A common pre-processing step in the digitization of microvolt level signals is amplification with filtering. The signal amplitudes must be increased well in excess of a digitizer's least significant bit (LSB) size so that the quantization noise is negligible when compared to the amplified signal. The required amplification can thus exceed a thousand when working with microvolt level signals. Offsets and 1/f noise in the front-end amplifier are also subject to the same gain, and if they are comparable to the input signal, they can swamp the signal so it is not resolvable or, in the worst case, saturate the amplifier. The presence of thermal noise in the amplifier chain also contributes to the loss of signal fidelity.
Chopper stabilization is a classic technique that is used to lower the offset and 1/f noise in a high gain amplifier. While the chopping circuitry itself is relatively straightforward, i.e. it is comprised of clocked switches before and after the amplifier chain, continuous time low pass filtering and clock delay equalization (to account for the delay through the amplifier chain) must be applied to retrieve the translated signal. Certain implementations also incorporate bandpass filtering into the amplifier chain to reduce the amplifier offset and 1/f noise even further. These circuits are also susceptible to transient noise associated with the switching action of the modulator.
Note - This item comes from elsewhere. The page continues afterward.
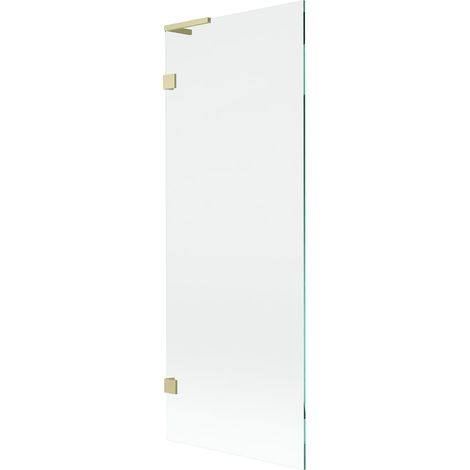 Mexen Lunar L paratia da vasca 1 anta 70 x 150 cm, trasparente, oro spazzolato - 897L-070-000-55-00 (1/5)
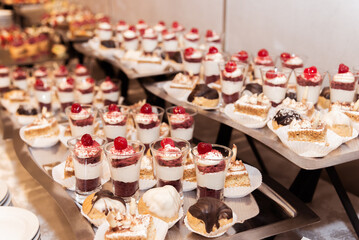 Catering sweets vegetables and cold cuts at the event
The front-end amplifier offset and 1/f noise may also be reduced by auto-zero techniques. In contrast to the chopper approach, which uses frequency translation, auto-zeroing is a sampling technique where the offset and 1/f noise is stored either on a capacitor or in a digital-analog converter's register and then subtracted from the signal. Auto-zero techniques utilize either a negative feedback loop or a sample-hold to acquire the offset and 1/f noise for eventual correction. The auto-zero approach requires that the offset be periodically sensed and stored through shorting of the amplifier's inputs to a common mode voltage. Thereafter, when the amplifier is operating to amplify the signal, the auto-zero correction is applied. Auto-zero methods have the disadvantage of white noise folding into the signal passband due to the sampling aspect of the technique.
Thus, an alternative approach may be beneficial.